DATA FOR THIS EXERCISE »
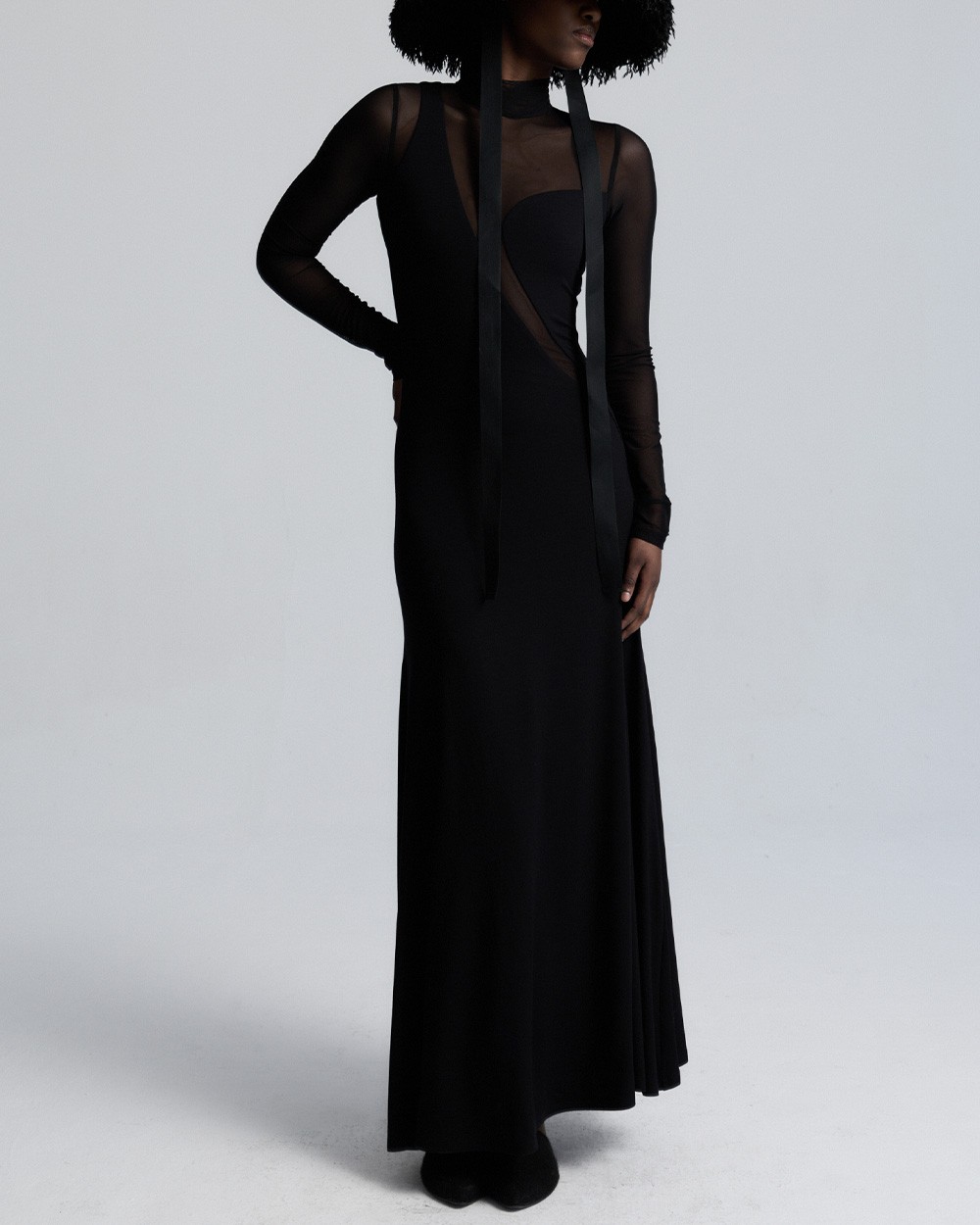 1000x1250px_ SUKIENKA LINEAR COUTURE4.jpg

--

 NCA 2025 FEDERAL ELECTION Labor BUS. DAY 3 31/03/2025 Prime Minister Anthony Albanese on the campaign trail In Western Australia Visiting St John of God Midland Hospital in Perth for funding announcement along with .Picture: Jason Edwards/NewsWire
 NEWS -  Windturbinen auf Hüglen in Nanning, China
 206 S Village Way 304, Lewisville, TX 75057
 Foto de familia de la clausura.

TASK ITEM »
I'd like the lines above from the one with "206 S Village Way 304, Lewisville, TX 75057" up to and including the one with "Foto de familia de la clausura." copied exactly, with no other lines.

OUTPUT »
 206 S Village Way 304, Lewisville, TX 75057
 Foto de familia de la clausura.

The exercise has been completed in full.